Clémentine Hougue est docteure en Littérature Comparée de l’Université Paris III-Sorbonne Nouvelle. Elle est l’autrice de Le cut-up de William S. Burroughs. Histoire d’une révolution du langage (Les Presses du réel, 2014). Chercheuse associée du laboratoire 3L.AM à l’université du Mans, elle est également membre de l’équipe du projet de recherche Aiôn (Socio-anthropologie de l’imaginaire du temps. Le cas des loisirs alternatifs). Ses recherches portent sur les liens entre fiction et politique, dans les avant-gardes, les contre-cultures et la science-fiction.
Extrait :
Dans le roman de Watson, la multiplication des enchâssements vise à accéder à une « Autre-Réalité » : on retrouve cette idée, caractéristique de la linguistique-fiction comme de la pensée mystique, que le langage, employé d’une certaine manière, permet d’appréhender une réalité différente. C’est ce que Burroughs entreprend avec le cut-up : postulant que « les mots ont perdu toute signification et toute existence au cours d’années de répétition » (Burroughs & Gysin, 1976 : 33), le découpage et le réarrangement permettent un accès à un sens nouveau, caché (ou gâché) par un emploi répété et mécanique des énoncés. Ainsi, « les images changent de signification sous la paire de ciseaux, les images olfactives se changent en visions sonores, la vue en son, et le son en synesthésie » (ibid. : 35). Comme l’affirme le personnage de Darriand, « nos langages se comportent comme des barrages entre la Réalité et notre Idée de la Réalité. Je suis enclin à penser que le xemahoa B est le langage le plus vrai que j’aie jamais rencontré » (LE, p. 117).

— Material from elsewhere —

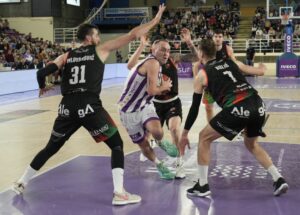 712D6E63-F412-4CAC-A4B3-E0B900128EBA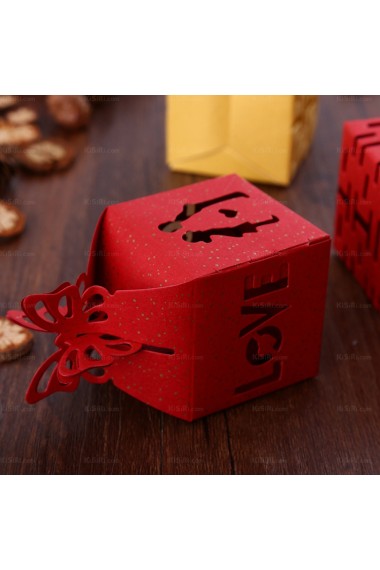 Classical Red Color Hollow Love Wedding Favor Boxes (12 Pieces/Set)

La linguistique-fiction pose ainsi, chez Delany comme chez Watson, une question qui irrigue toute l’œuvre burroughsienne : la possibilité d’agir sur le réel par le langage, moins comme une incantation magique que comme une machine qui libère le sens – au sens de signification mais aussi de direction : plus de sens unique, mais un accès à la multiplicité du sens.